A state of general equivalence is characterized by the following:

1) The mutability of surface phenomena, but the immutability of the system that produces and governs it. Surface phenomena would include the quotidian output of media imagery and montages, cultural fads and fashions, the coming and going of actors on the political stage. “System” refers to the market economy, the broadcast machinery, technologies of information, and the military apparatus.

2) Undifferentiation. Our global culture creates a profusion of every imaginable kind, not just of goods and services but also of ideas and information. But within this culture no single idea can break away from all others, become singular and superior, gather momentum and ultimately call the entire system into question. No thought, idea, or ideology can escape the rubberstamp of “content” anymore. There is a kind of straitjacketing that occurs whereby all human endeavors are ultimately neutralized, siloed, contained. Everything is absorbed by this culture, just about everyone becomes a peddler and a brand, and at day’s end everything comes to look and feel the same. In short, undifferentiated.
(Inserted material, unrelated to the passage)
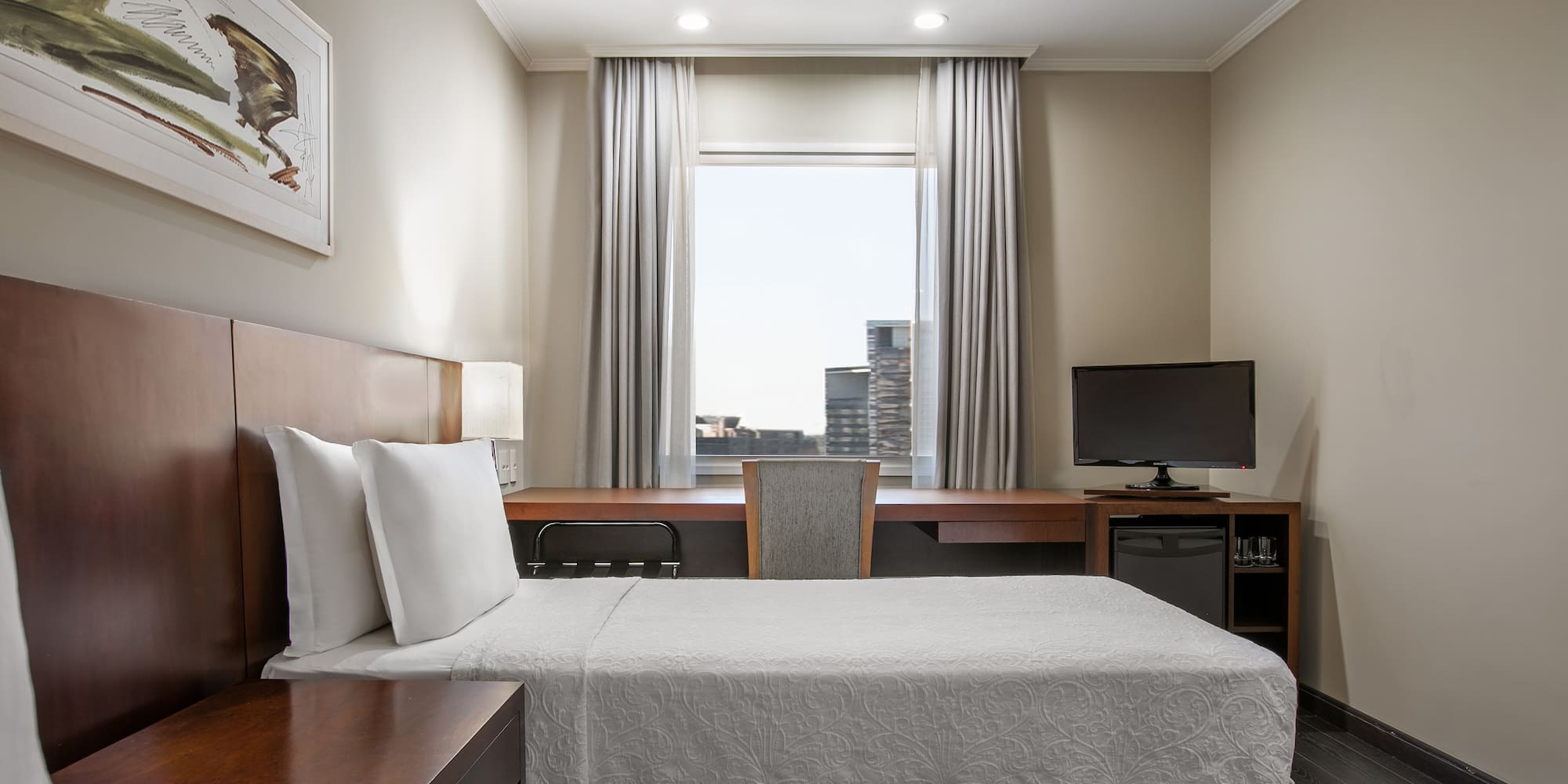 a room with a bed and a desk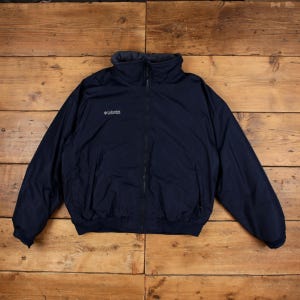 Op de afbeelding: Een marineblauwe Columbia Sportswear jas met een volledige ritssluiting aan de voorzijde, een hoge opstaande kraag en lange mouwen met elastische boorden. Het merklogo is in het wit geborduurd op de rechterbovenkant van de borst.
3) Non-catalysis. In the past, the flow of information triggered civic and social responses. Thought and action, news and policy-making, opinion and the inclination to respond went together. They had not yet been decoupled. In the past, the pen was mightier than the sword, and poets were the unacknowledged legislators of the world.

Today matters are rather different. What we have, Baudrillard tells us, is a brutal excess of information that has no equivalent in the real event. An acceleration has occurred in the production of information and news and advertising, accompanied by a deceleration of initiative and impetus. Ours is a culture “where everything merely follows everything else and cancels it out, to the point of re-creating total immobilism: the impression, amid the whirl of current events, that nothing changes.”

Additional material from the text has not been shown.